Frequently Asked Questions
Q: How could maintenance personnel reverse something as critical as elevator trim cables?
A: The Convair CV-580’s elevator trim system uses cables routed through specific fairlead holes to connect to the trim jack drum. The cables must exit through the upper fairlead hole to reach the top of the drum for proper operation. When reinstalling the system after the horizontal stabilizer removal, the mechanic routed the cable through the lower hole instead, creating a reverse connection. Without the required inspection, this error went undetected.
Q: Why didn’t the pilots just stop using the trim and fly the airplane manually?

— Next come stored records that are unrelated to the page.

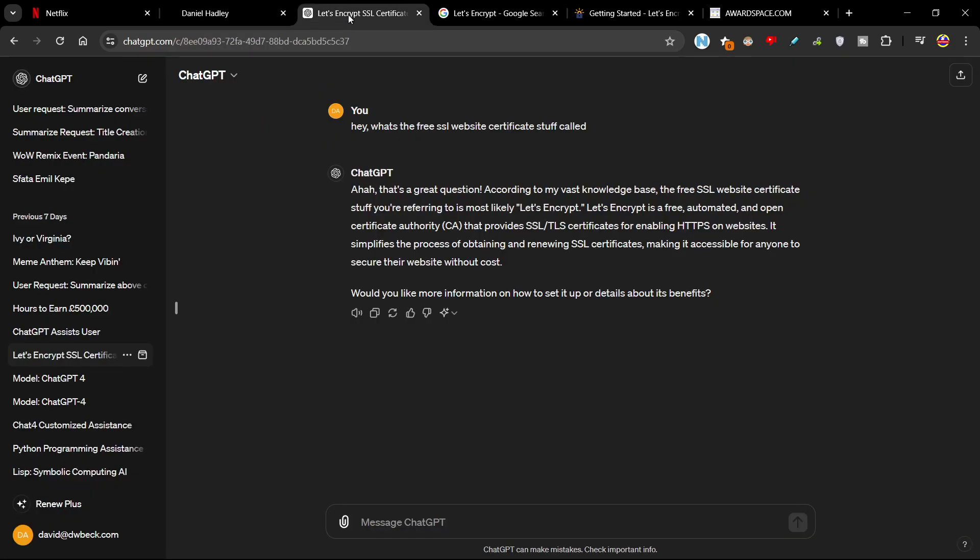So firstly, I went over to ChatGPT because it is the source of a lot of knowledge. And I said, what's the free SSL website certificate stuff called? And they said, ah, that's a great question. According to my vast knowledge base, the free SSL website certificate stuff you're referring to is most likely Let's Encrypt. It was absolutely right. And it says Let's Encrypt is a free, automated and open certificate authority, CA, that provides SSL and TLS certificates for enabling HTTPS on websites. It simplifies the process of obtaining and renewing SSL certificates, making it accessible for anybody to secure the website without any cost.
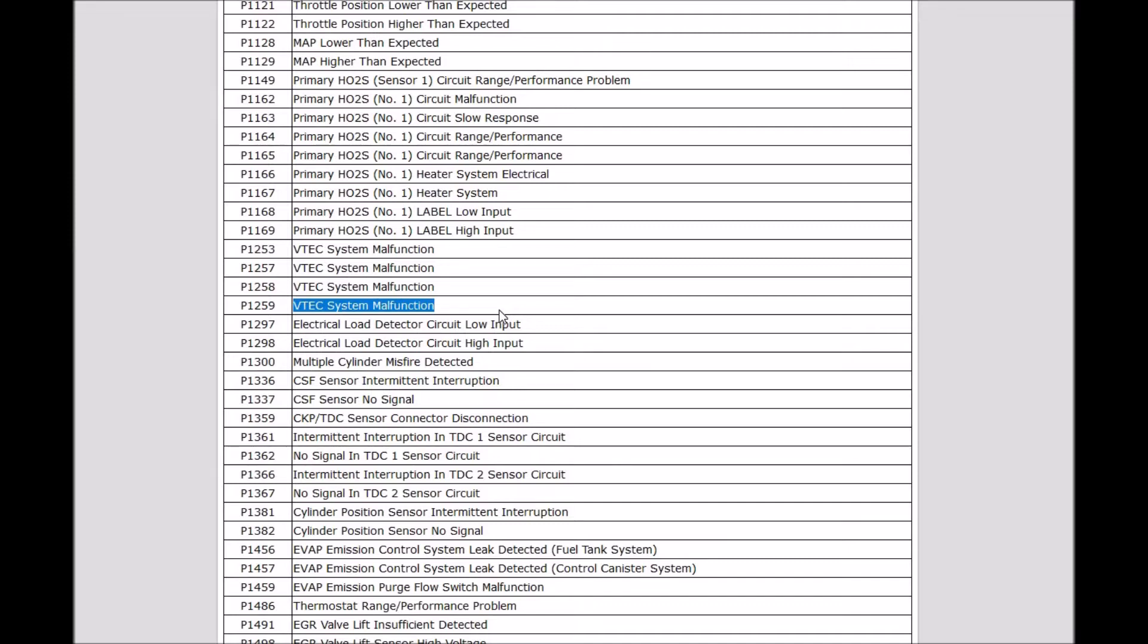What would you do if you got this code? First thing is check the oil. Make sure the oil level is good, it's not dirty, and it's been changed recently, because really old dirty oil can cause oil pressure problems.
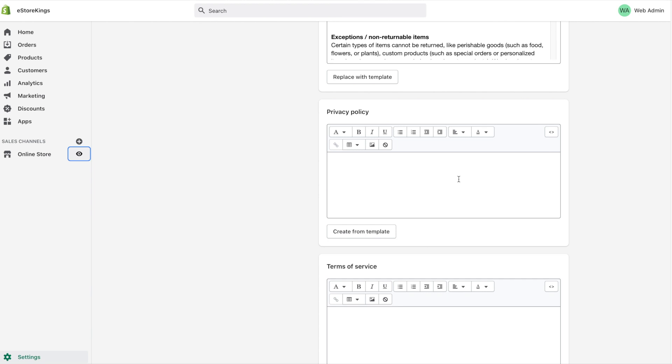Very similar to the refund policy, there is the option to create a template here. Again, if you do have a privacy policy of your own, feel free to simply add it here. But if you don't, simply hit the create from template button.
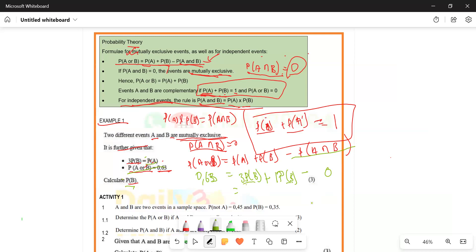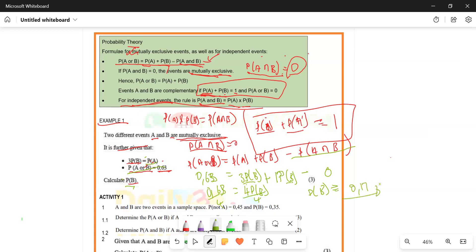So we have 0.63 equals 3P(B) plus 1P(B), which gives us 4P(B). To find the probability of B, we divide both sides by 4. So the probability of B is 0.63 divided by 4, which equals 0.1575.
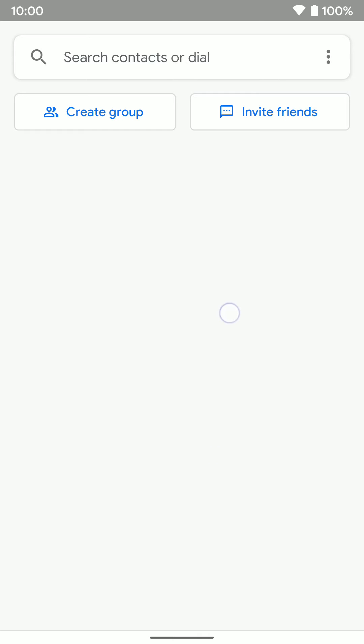There are no contacts here listed for me because I don't have any contacts on this phone I'm using. But you can also just dial someone's phone number as well if you want to.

A: The cockpit voice recorder shows the captain repeatedly tried to use nose-up trim inputs, which actually made the nose-down tendency worse. At low altitude immediately after takeoff, with high power settings and the gear still down, the CV-580 would have required significant back pressure to maintain level flight. The reversed trim was actively fighting their control inputs, and the crew became focused on troubleshooting rather than simply abandoning the trim system and flying on primary controls alone.
Q: What should pilots look for during post-maintenance preflight inspections?

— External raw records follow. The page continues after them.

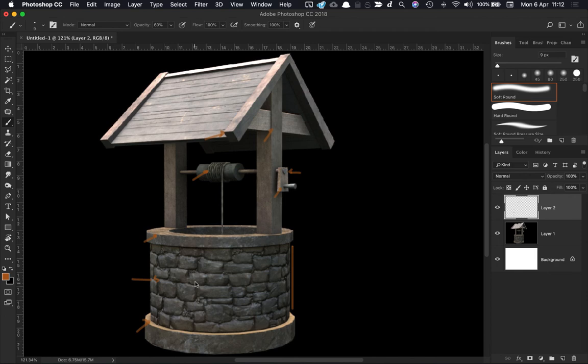So we'll need definitely a bit more surface variation. And if we just do those things, and that shouldn't be too much work, that should help to define the look quite a bit.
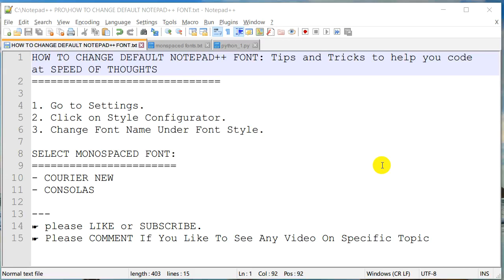Hello everyone, this is Amit. Welcome to our tutorial on Notepad++ tips and tricks. Today we are going to learn how to change the default font in Notepad++, so let's get started.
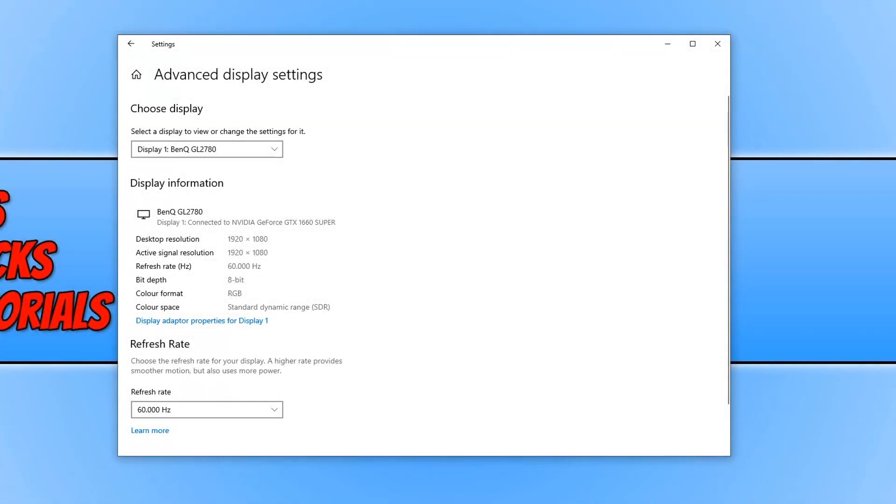In today's video I will be showing you how to change the refresh rate of your display using the Nvidia control panel.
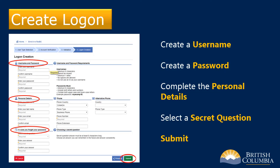You will now create your account logon information. First, choose a username and a password. Next, complete the personal details. At the bottom of the screen, you will choose a secret question and a response that you will use to recover your password in the event it is forgotten or misplaced. When complete, click on Submit.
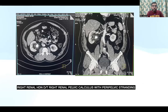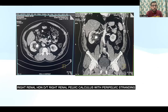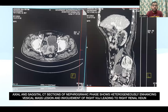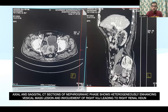This is our first case. As you can see, the axial and coronal CT sections show right renal hydronephrosis due to a right renal pelvic calculus with peripelvic stranding. This is another case showing axial and sagittal CT sections demonstrating a heterogeneously enhancing vesical mass lesion with an extravesical component and concomitant involvement of the right VUJ causing right renal hydronephrosis.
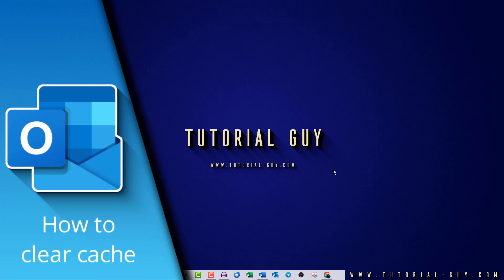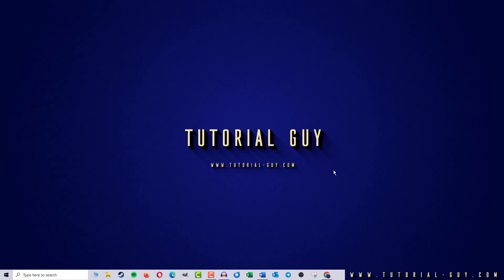Hello everyone and welcome to a quick Outlook tutorial. In today's video, I want to show you how to clear the cache in Outlook.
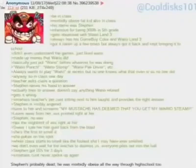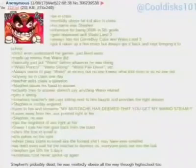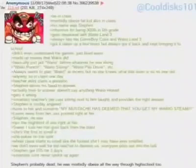Be in class. Morbidly obese fat kid also in class. His name is Stefan. Infamous for being 300 pounds in fifth grade.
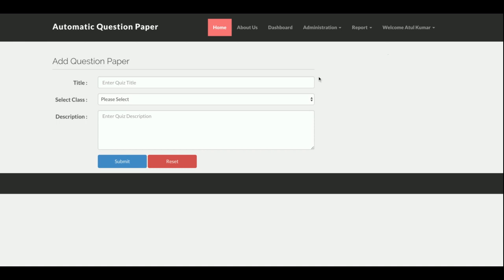This is Add Paper. This is a generic project, meaning it will work for all levels — even for lower classes, not just semesters. From Add Question Paper you can add any number of question papers, such as Java, PHP, DBMS, History, Geography — anything you want. Each question paper belongs to a class: if you add questions for Computer Science it belongs to the Computer Science class, for Arts it belongs to the Arts class.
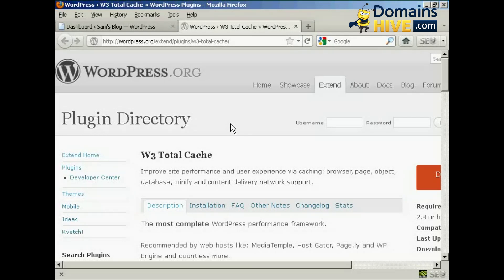The second thing is you must make sure that the permissions on your .htaccess file are set to 755. You can also set them to 777, but I don't recommend it, especially if you're on a shared hosting package.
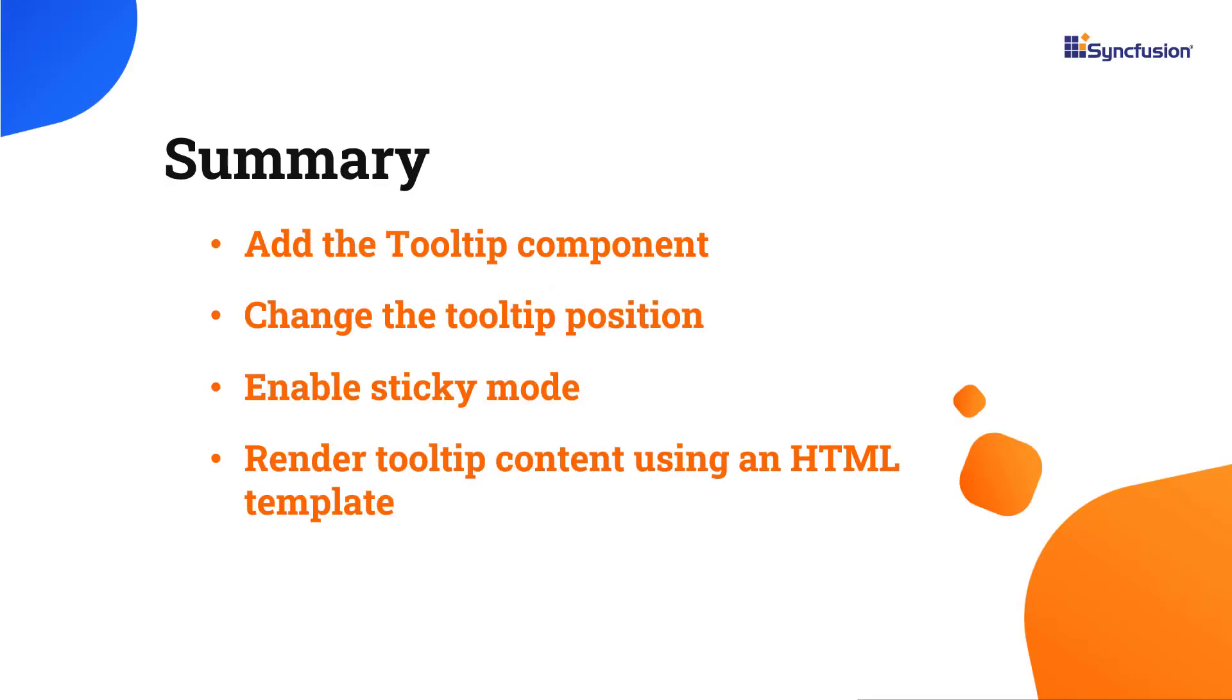In this video, I have shown you how to add the tooltip component to a React application. I have also shown you how to change its position, enable sticky mode, and render tooltip content using an HTML template.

A: When flight controls have been worked on, pilots should physically trace control cable routing where visible, check for proper control surface movement and feel, and verify trim operation during taxi if possible. The maintenance briefing should detail exactly what was done, and pilots should ask specific questions about any control system work. If extensive control rigging was performed, some operators require a maintenance test pilot to conduct the first flight.
Q: Could this type of maintenance error happen with modern aircraft?
A: While newer aircraft often have different flight control architectures, any airplane with cable-actuated controls faces similar risks during maintenance. The key protection is the inspection process—qualified inspectors must verify control rigging before aircraft return to service. Some operators now use digital photos or video to document cable routing during disassembly to ensure correct reassembly.
Q: Why were pilots still in training conducting an operational flight?
A: The NTSB noted that both the first officer and observer had completed only 28.5 of 63 required training hours and hadn’t finished basic aircraft systems training. While the flight was conducted for training purposes with an experienced check airman, Air Tahoma’s own manual stated personnel should complete lower training levels before advancing. This suggests a deviation from their established training progression policy.